Risk measures have been long been important, especially from a regulatory standpoint, but this importance has been magnified by the current `financial crisis' and the need for more robust measures of risk over and above what has been currently been in place by banks and other financial institutions. Value-At-Risk, or VAR, has been widely used in the banking industry, due in part to the Basel-II Accords and its ease in implementation. VAR of course has been criticized vociferously both by academics and practitioners alike, but alternatives to VAR, even though they seem plausible on paper, at times are difficult to implement and interpret. It remains to be seen how the relaxation of Basel requirements will affect risk management and capital requirements in the major banks of the world. One thing is clear and that is that risk management will employ even more mathematically sophisticated risk measures in the years ahead, due to the regulatory environment and hyper-technological developments. This book gives a good introduction of what to expect and what has been done in research and development in finding alternative risk measures.
Financial modelers have also been criticized recently for their use of `copula functions'. Indeed, one article in the press described copulas as a "recipe for disaster" and their use is held to be responsible for the "killing of Wall street." To counter these claims, a few articles and books have appeared in recent months, and this book contains an article that addresses the use of copulas in finance.

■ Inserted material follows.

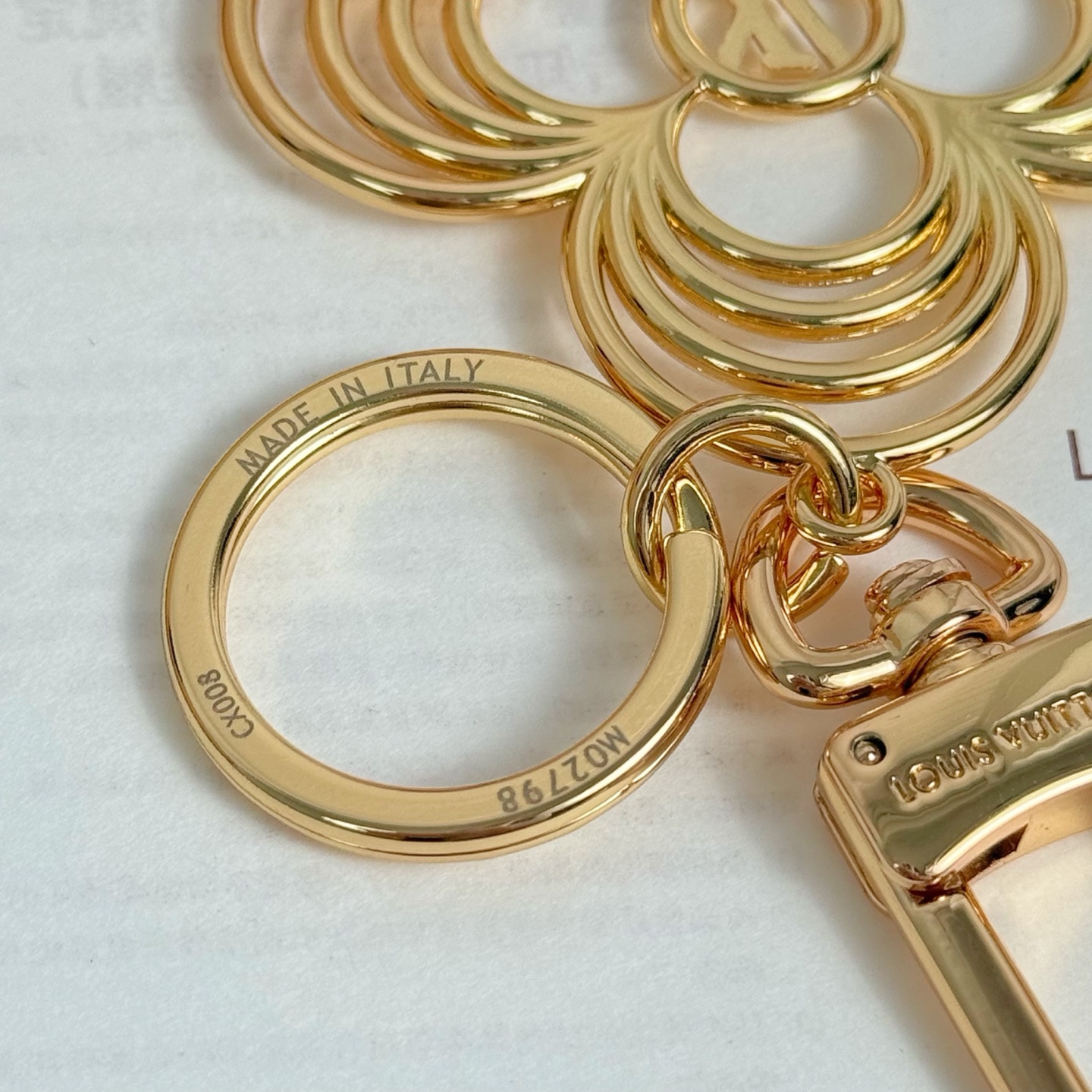 Louis Vuitton Key Chain Breeze Wire Floral Keychain Accessories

The authors introduce copulas as a method for dealing with the aggregation of individual risks that goes beyond the Gaussian assumption.
If one begins with a vector of uniform random variables, a copula is their joint distribution, and is effectively a function that can be written as a product if the variables are independent. It also must satisfy certain properties dealing with how it increases and how it operators on the boundary of an n-dimensional hypercube. The authors believe that copulas are useful in finance in that they can quantify risk in terms of individual risk variables and the dependences between them without having to have an explicit characterization of the individual risks.

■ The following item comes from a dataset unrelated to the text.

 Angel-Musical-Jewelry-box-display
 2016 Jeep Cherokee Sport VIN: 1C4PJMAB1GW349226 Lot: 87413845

With all the press about stress testing of banks and the failure of (Gaussian) VAR models in risk management, the author detail how to use copulas in these two areas. A non-Gaussian VAR model is constructed using two different choices of copula functions and compared with the historical Gaussian VAR. The latter is show to underestimate the risk for a confidence level greater than 95%. This situation is the "tail" risk of the Gaussian assumption that has been widely discussed in the financial press in the last couple of years.
Bank stress testing, especially for European banks, is of great interest at the present time and the authors. As the name implies, stress testing deals with how resilient a bank's portfolio is to extreme shocks of the type that might be "rare" or "extreme". Regulatory requirements force the world's major banks to do this (the famous `Basel Accords'). The authors construct `extreme value' copulas to build multivariate stress scenarios. An elementary example for the bivariate case is given that deals with the DowJones and the French CAC40 risk factors. It would have been helpful if the authors would have included at least one more example in order to compare differences.
The authors also present a toy model for pricing basket (equity) derivatives that illustrates the issues in modeling the dependences in risk factors in this case. An explicit real-world example would have been helpful here, or a reference to such an example, in order that readers can see what can go wrong in a realistic scenario from an investment house or hedge fund. They do the same for credit derivatives in another section, wherein they give an interesting graph that illustrates the dependence of the loss distribution and VAR on the choice of copula function. One part of this discussion which may be new to some readers is the notion of `derivatives at risk', which the author write in terms of a conditional expectation and explain how to estimate it with Monte Carlo simulation. Readers will need to know what a `risk-neutral' probability measure to follow the discussion.